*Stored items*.
☆ ☆ ☆ ☆

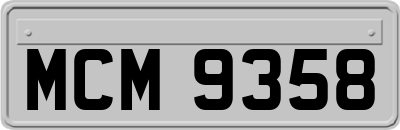 MCM9358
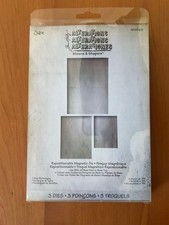 Sizzix TIM HOLTZ Movers & Shapers ~ Postage S...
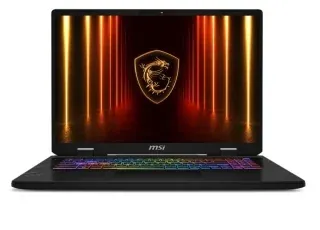 MSI Crosshair A17 HX AMD Ryzen 7 8840HX RTX 5070 115W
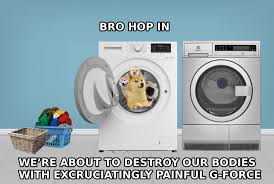 Le Rapid Spin Cycle Has Arrived R Dogelore Ironic Doge Memes Know Your Meme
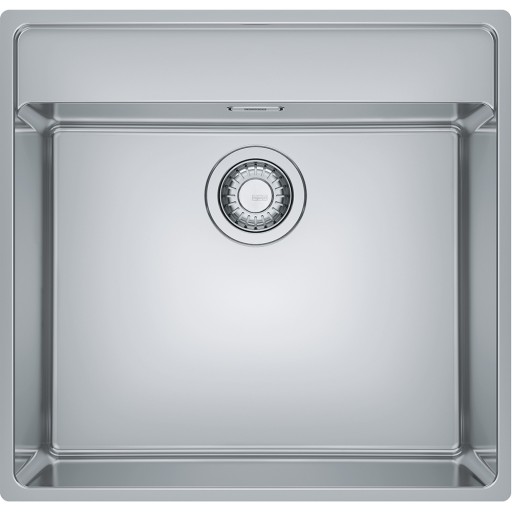 Chiuveta bucatarie Franke Maris MRX 210-50 TL cu 1 cuva 530x510mm inox lucios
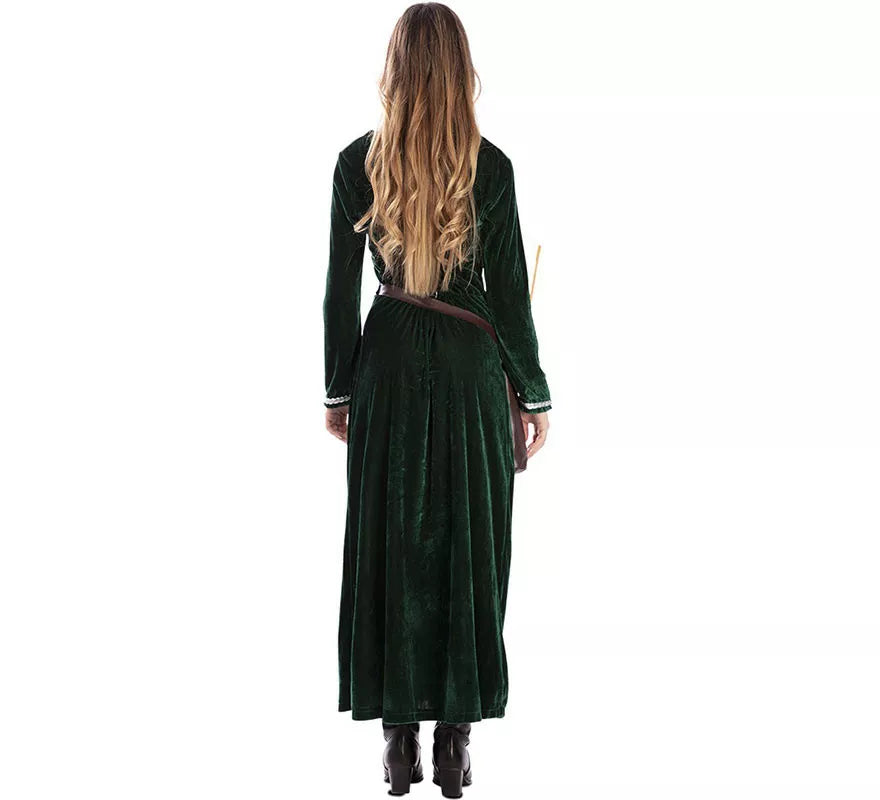 Translation missing: pt-PT.Disfraz de Lady Marian de Robin Hood para mujer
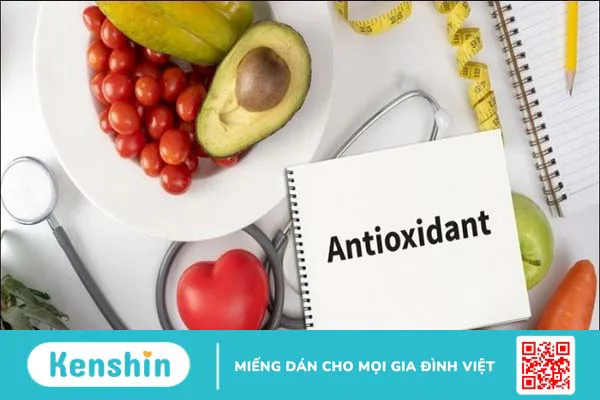 Chất chống oxy hóa là gì? Các lợi ích của chất chống oxy hóa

☆ ☆ ☆ ☆

*Assignment*. From the line containing "Chiuveta bucatarie Franke" down to the last line of the entries above, copy each line exactly and nothing more. Leave pictures out.

*Task output*.
 Chiuveta bucatarie Franke Maris MRX 210-50 TL cu 1 cuva 530x510mm inox lucios
 Translation missing: pt-PT.Disfraz de Lady Marian de Robin Hood para mujer
 Chất chống oxy hóa là gì? Các lợi ích của chất chống oxy hóa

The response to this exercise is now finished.